そして認識がまた変って、そして直接に地上から別の月や星に辿り着けるようになってまた宇宙の認識が変わって……」
宇宙の事に関しては、マスターを始め誰かに聴いたり、本を読んだりして無意識のうちに確固とした認識をもっていたつもりだったが、それが随分あやふやになってしまったような気がした。

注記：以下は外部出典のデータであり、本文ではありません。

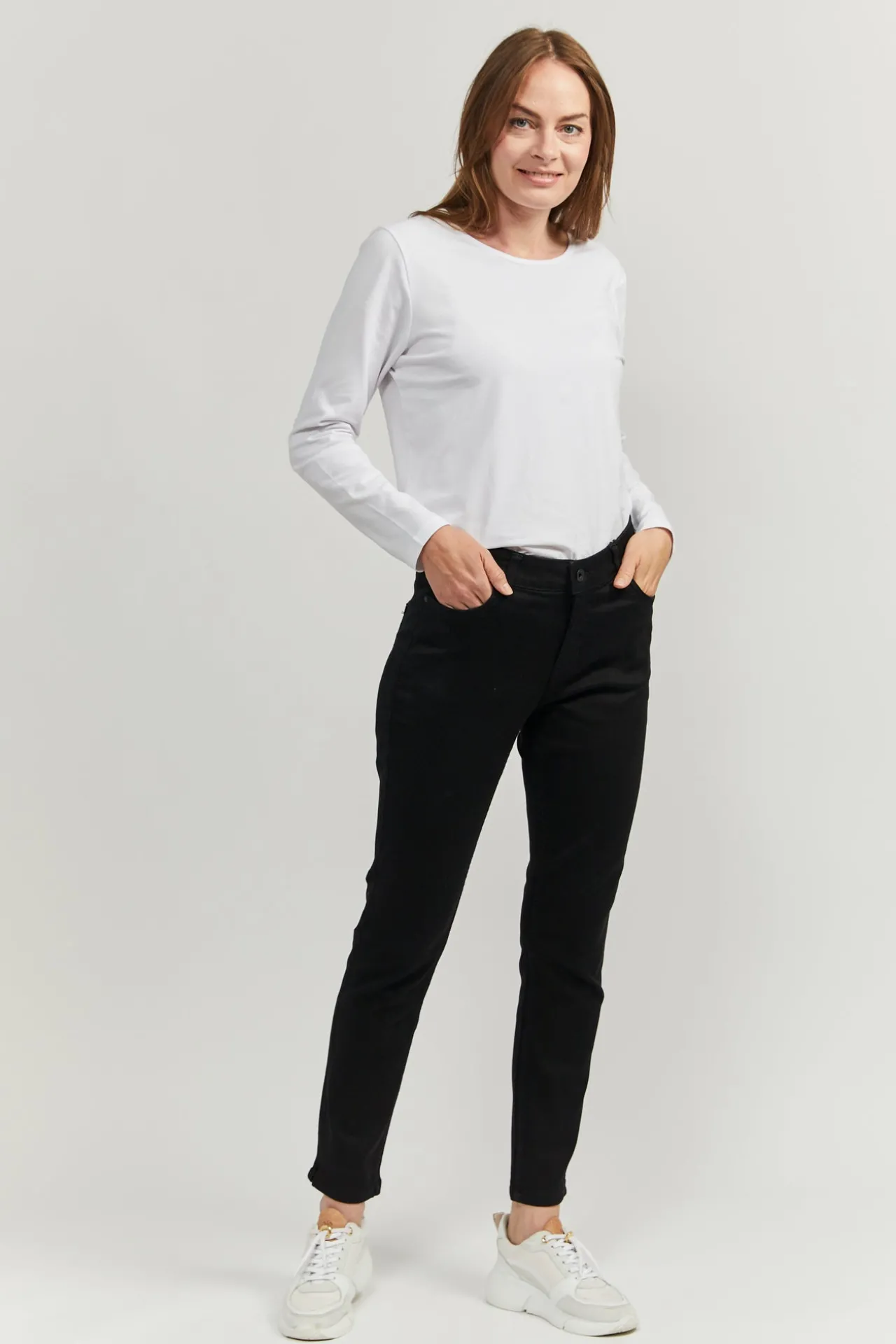 jane_bukser___black_tone__2.webp Jane Bukser 7/8 - Black tone in tone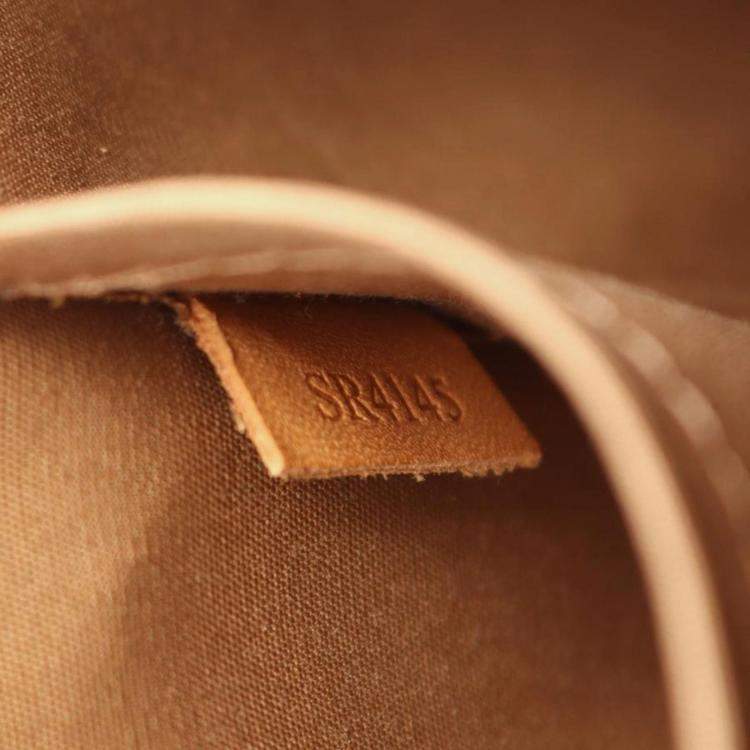Pre Owned Louis Vuitton Blair MM Beige Monogram Vernis Leather Shoulder Bag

「そこで風矢はんは、宇宙ってのはなんなのか自信持って言えますか?」
言葉に詰まる。
「それ……は」
「案外自分で信じている常識はあてにならないならないもん違う?」
明らかに詭弁のようなものだ。しかし、言葉に詰まる。
「ふふ、私も意地悪しすぎましたわ。ちょっと立ち寄らせてもらうだけやったのに。
まあ、これもそれも……」
そこで初めて漆黒の闇龍は自ら動いて境内の中に足を踏み入れる。
何やらごそごそと境内の中、風矢の探した場所とは別の場所を探す。
やがて、その白い細うでから何やら長い布地が現れた。
「浴衣……?」
薄いピンクの可愛らしい柄だが、妙に丈が長くまるで背の高い男性が着用するみたいな
「あ!」
そこに来て、風矢も至和子の手にした者が何なのか思い至る。
横目でチラリと風矢を至和子は見る。
「今日の縁日あの二人を二度ほど目にさせてもろうたけど。
ほたえが過ぎて帰り道に、一度目はつけていたこれを……や言う事」
「小町さんが言っていたラッキーアイテムって……」
少なくとも、今回は風矢自身にはやたらと廻りくどいものだったらしい。
同居龍の仲を取り持つ役目になってしまった訳だ。
「まあ、でもこれであの二人がまたどこかに出かけてくれるお陰で、僕は自由にやれる訳ですしねえ。
良しとしますか」
それにしても、大宇宙の意思に対しても随分と意地悪な見方をする者がいる事がある意味収穫かも知れないな。風矢はそう思った。
再び、神社の境内に静寂が戻る頃にはきっと何事も無かったかのようになっている。それも一つの大宇宙の寛容さなのかな。と思いながら風矢はいつかそれを確かめてみたいと感じながら帰り支度をしようと思った。